Last visit was: Thu May 01, 2025 12:12 pm
It is currently Thu May 01, 2025 12:12 pm



 [ 204 posts ]  Go to page Previous  1 ... 9, 10, 11, 12, 13, 14  Next
 Qupls (Q+) 
Author Message

Joined: Mon Oct 07, 2019 2:41 am
Posts: 768
You may want a few more segments if you have a window display, and heap.


Sun Mar 30, 2025 4:43 pm

Joined: Sat Feb 02, 2013 9:40 am
Posts: 2307
Location: Canada
It is a good idea but I am not sure I want to dedicate address bits to referencing them. PowerPC has 16 segment registers, I'd follow the same pattern.
But ATM the bounds registers can use means other than the address to be selected. For instance, the code bounds is selected for instruction fetches. The stack bounds can be detected by the use of the stack pointer register in instructions, and the remaining bounds are for data.
I switched to having base and bound registers (instead of just bounds), adding more is tempting. It is also more context to save on context switches and interrupts.

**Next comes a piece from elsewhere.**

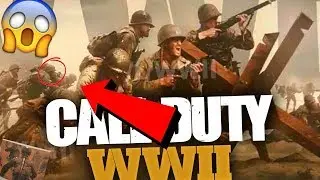I BET YOU DIDN'T NOTICE THIS ON THE COD WW2 (WON'T BELIEVE THIS) ( CALL OF DUTY: WORLD WAR 2)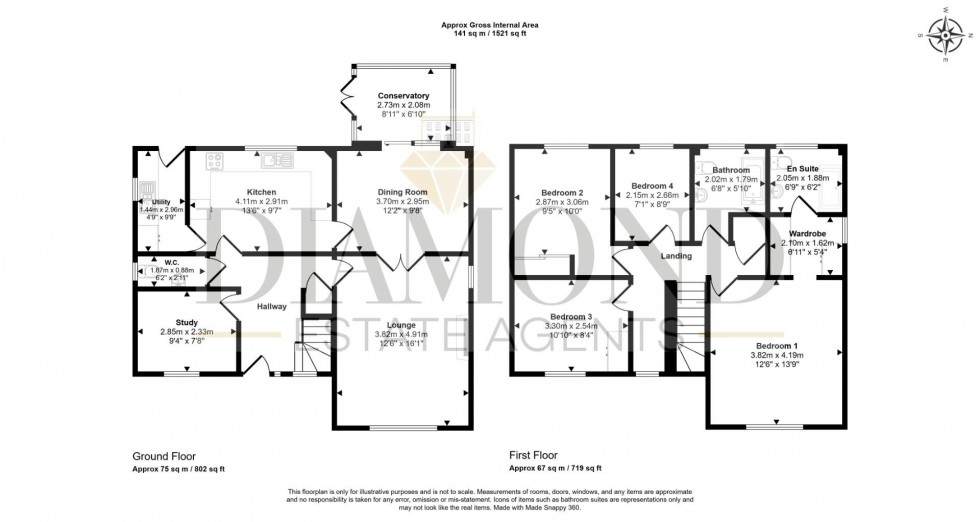 Floorplan for Cranmore View, Ashley, Tiverton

I had been working on context switch code earlier today. I was going to micro-code it, but it is too complex and too many things could go wrong.
I ended up adding a limit feature to the BLR (branch-to-link) instruction for tabular jumps. It is somewhat similar to the memory indirect on the My66000. The branch register contains a table offset, and it must be between zero and the limit. Otherwise it branches to the limit address.

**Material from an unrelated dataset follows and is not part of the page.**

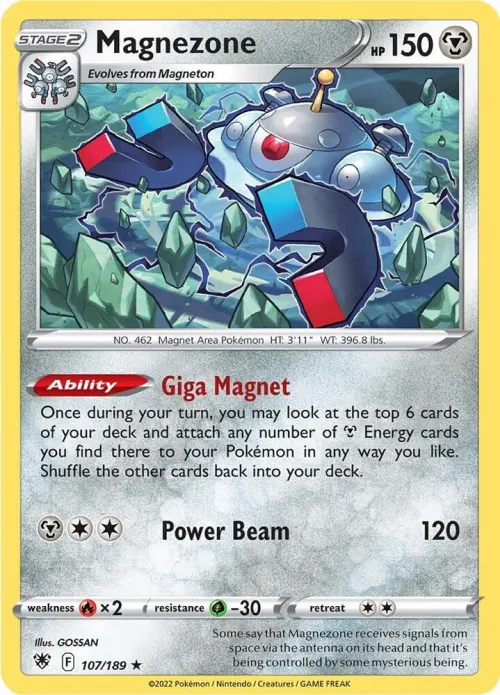 Magnezone - Reverse Holo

I also discovered an issue with jump tables and the way immediate constants are handled. Because large constants are placed at the end of a cache line, a jump table cannot have any large constants in it, or they could end up in the middle of a table.

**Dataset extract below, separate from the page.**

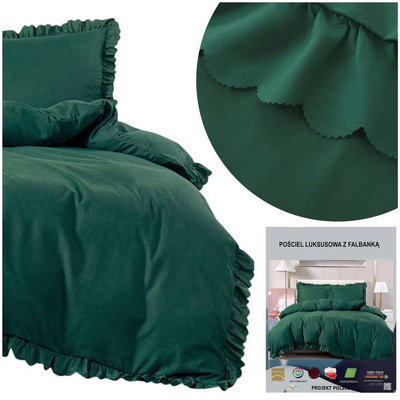 Bedding 140 x 200 2cz with valance Jowita 07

Sample context switch code:
Code:
#
   loadi br6,XJMP            # select context switch function
   loadi a0,destination TCB
   sys                            # call the system
   # we get back here after the context switched



# system dispatcher
# The system routine must end with RFI
   blr DispatchTable[b6],DispatchTableLimit


DispatchTable:
   .4byte   ContextSwitch
   
# Context switch code   
ContextSwitch:
   csrrw r0,SCRATCH,a0      # save a0 in scratch register
   csrrd a0,TCBA               # get TCB pointer
   store a1,8[a0]            # save a1
   store a2,12[a0]
   store a3,16[a0]
   store a4,20[a0]
   store a5,24[a0]
   store a6,28[a0]
   store a7,32[a0]
   store t0,36[a0]
   store t1,40[a0]
   store t2,44[a0]
   store t3,48[a0]
   ...
   csrrd a1,SCRATCH         # get value of a0
   store a1,4[a0]            # save it
   # check if the FP registers should be saved
   ...
   # save stack pointers and branch registers
   movea a1,USP
   store a1,256[a0]
   movea a1,SSP
   store a1,260[a0]
   movea a1,HSP
   store a1,264[a0]
   movea a1,MSP
   store a1,268[a0]
   move a1,BR1
   store a1,276[a0]
   move a1,BR2
   store a2,280[a0]
   ...
   # store the return program counter
   ...
   move a1,CR0
   store a1,320[a0]
   move a1,CR1
   store a1,324[a0]
   ...
   move a1,LC
   store a1,352[a0]
   move a1,MCLR
   store a1,356[a0]
   move a1,MCPC
   store a1,364[a0]
   csrrd a1,SR
   store a1,384[a0]
   csrrd a1,PBL
   store a1,388[a0]
   #
   # Load the destination context
   csrrd a0,SCRATCH         # get destination TCB
   csrwr r0,TCBA,a0         # update running TCB address
   load a1,388[a0]
   move PBL,a1
   load a1,384[a0]
   move SR,a1
   load a1,364[a0]
   move MCPC,a1
   ...
   # walk forwards loading registers
   load a1,8[a0]
   load a2,12[a0]
   load a2,16[a0]
   load a3,20[a0]
   ...
   rfi


I am trying to use some code example to determine if there is anything amiss.
I decided to add an explicit 'loadi' (load immediate) as it can load more bits than using an add or or instruction. It can also access more registers than just the GPRs.
I have the move instruction setup the same way. It can access all the programmable registers (96 of them). A normal instruction can access only 32 regs.
Not keen on adding 12 more segment registers. But maybe four more. They are not accessible to user / app mode. Only OS software needs to know about them.

_________________
Robert Finch http://www.finitron.ca


Sun Mar 30, 2025 5:57 pm WWW

Joined: Sat Feb 02, 2013 9:40 am
Posts: 2307
Location: Canada
A bug was found in the 6809 version of Femtiki, I could not get it to work very well. It turns out there was a bug in the timer decrement routine. I found it when porting the code over for Qupls3.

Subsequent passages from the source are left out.